* [How to complete this task]: Copy out exactly the lines beginning with the one that contains "RIC IX Rome 17A — CANOA" and ending at the last line of the listing, skipping any pictures.

[Data for processing Boundary: Start]

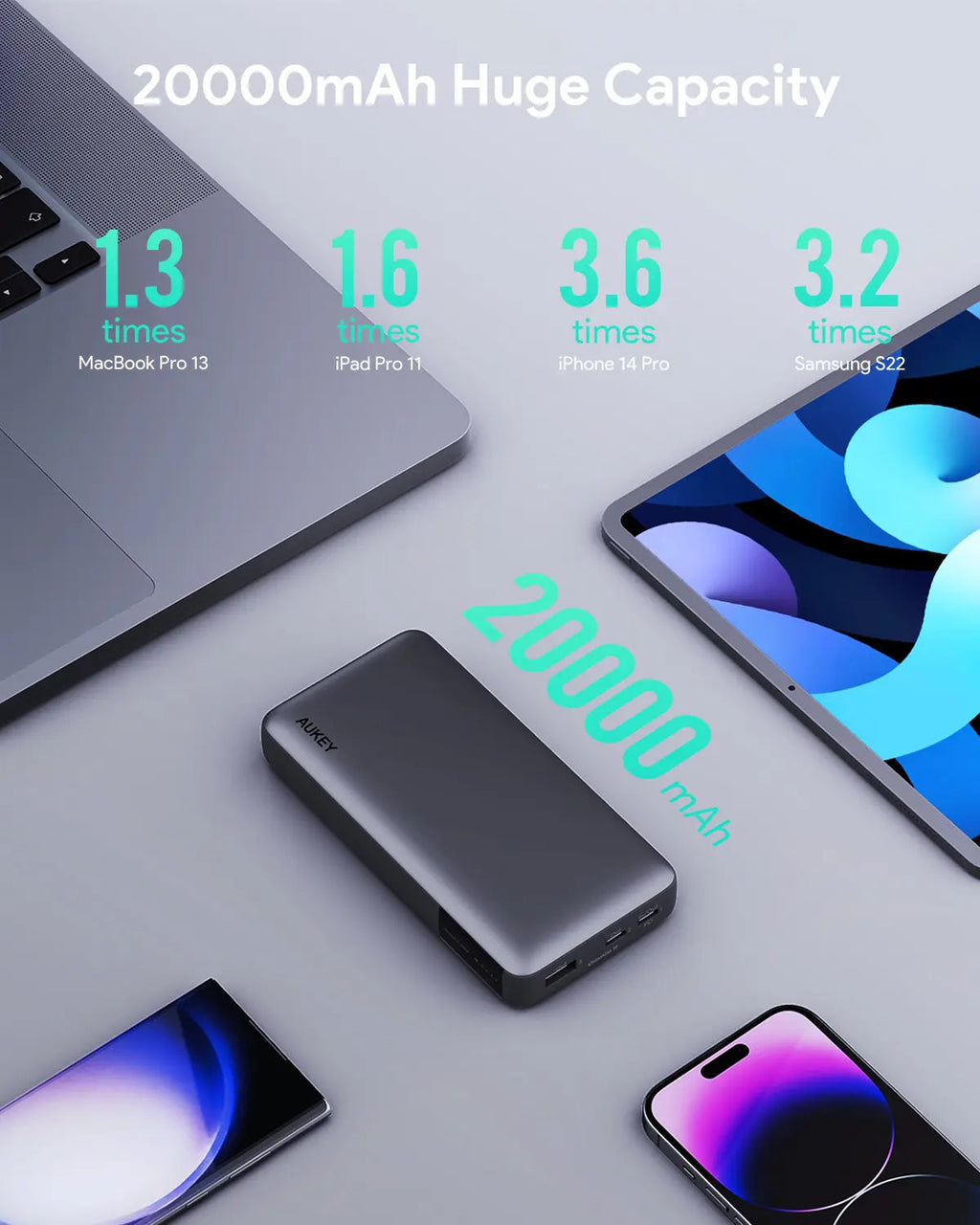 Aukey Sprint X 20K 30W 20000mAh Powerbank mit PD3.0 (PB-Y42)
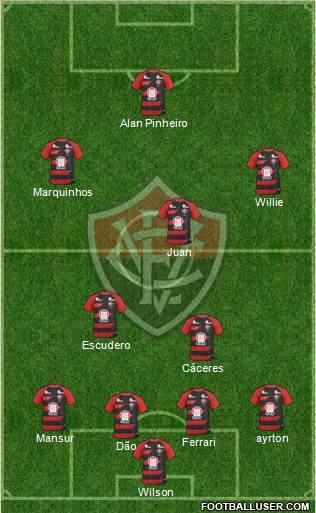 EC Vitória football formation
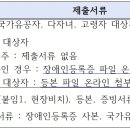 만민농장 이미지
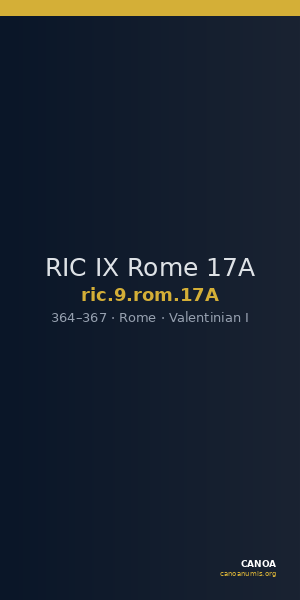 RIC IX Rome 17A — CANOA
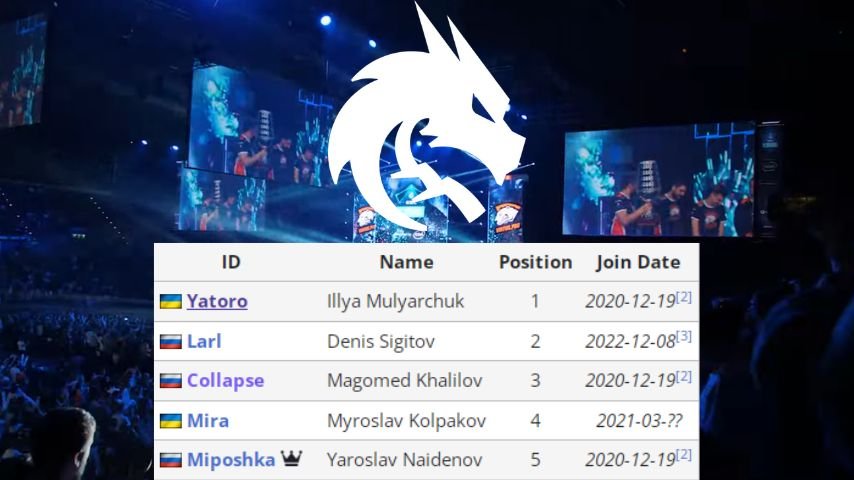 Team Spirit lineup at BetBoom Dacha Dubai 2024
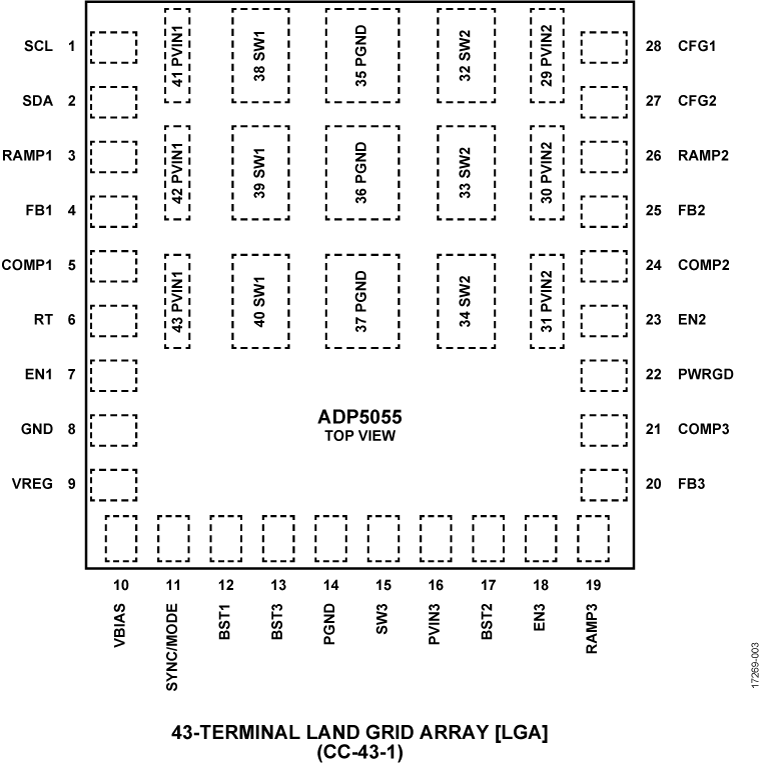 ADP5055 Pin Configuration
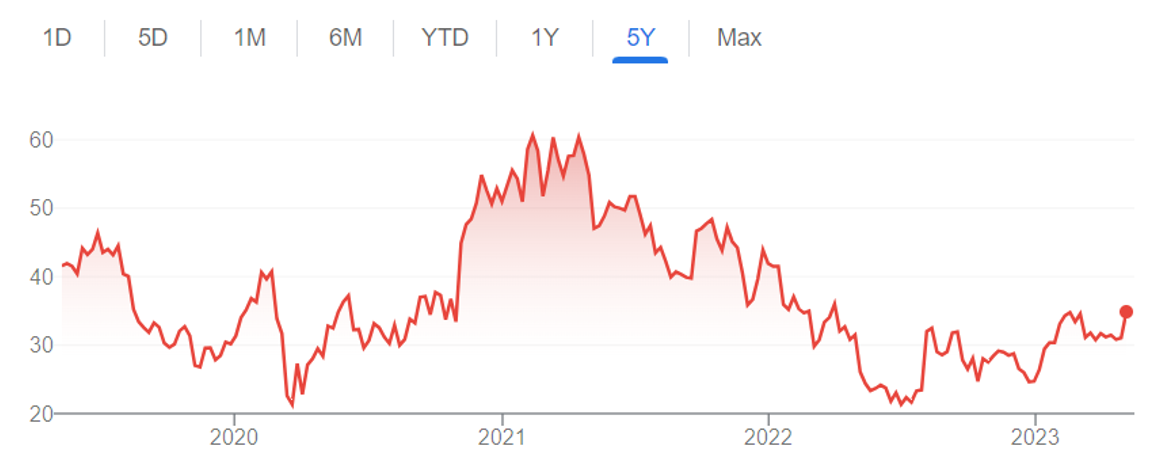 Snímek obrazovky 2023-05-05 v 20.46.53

[Data for processing Boundary: End]

* [Answer to this problem]:
 RIC IX Rome 17A — CANOA
 Team Spirit lineup at BetBoom Dacha Dubai 2024
 ADP5055 Pin Configuration
 Snímek obrazovky 2023-05-05 v 20.46.53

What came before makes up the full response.